§ **Data supplied**
####################

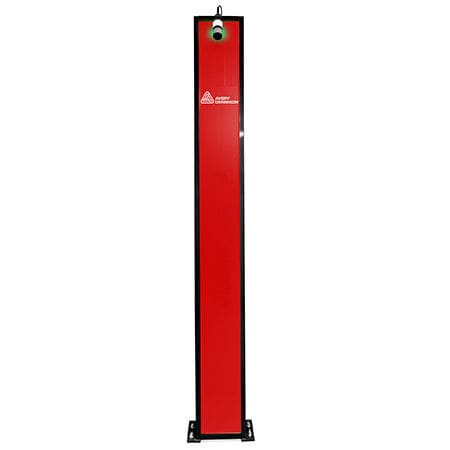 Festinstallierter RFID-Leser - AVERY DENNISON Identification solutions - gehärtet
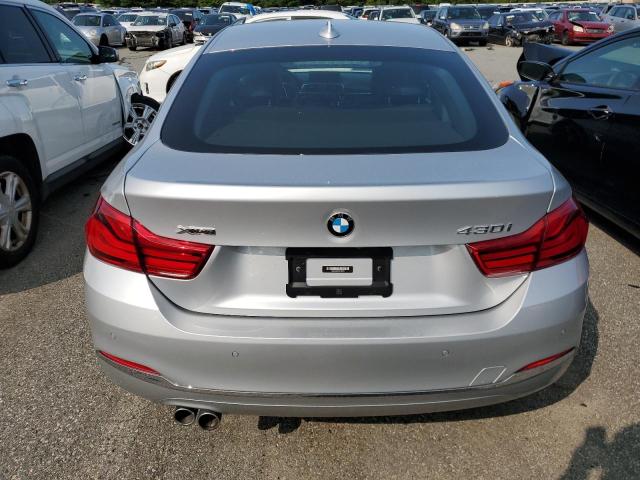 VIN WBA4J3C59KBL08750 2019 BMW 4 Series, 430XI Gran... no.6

####################

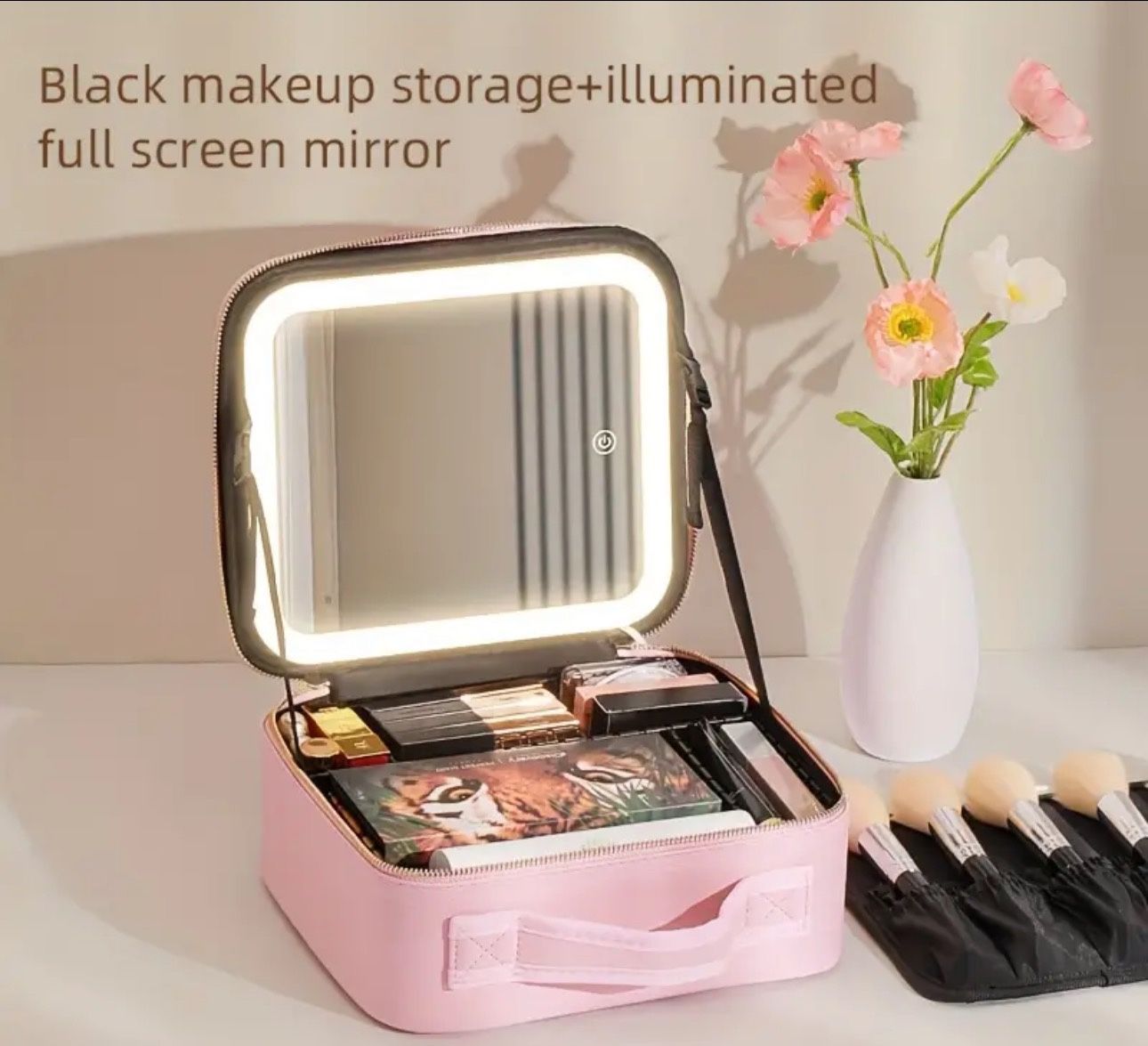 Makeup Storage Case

####################

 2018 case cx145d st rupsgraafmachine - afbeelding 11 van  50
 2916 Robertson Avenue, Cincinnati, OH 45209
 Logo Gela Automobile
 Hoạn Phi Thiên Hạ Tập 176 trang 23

####################

§ **Your assignment**
Go to the line above that has "Festinstallierter RFID-Leser - AVERY" and copy exactly from there down to the line that has "VIN WBA4J3C59KBL08750 2019", both included. Leave the pictures out.

§ **Response box**
 Festinstallierter RFID-Leser - AVERY DENNISON Identification solutions - gehärtet
 VIN WBA4J3C59KBL08750 2019 BMW 4 Series, 430XI Gran... no.6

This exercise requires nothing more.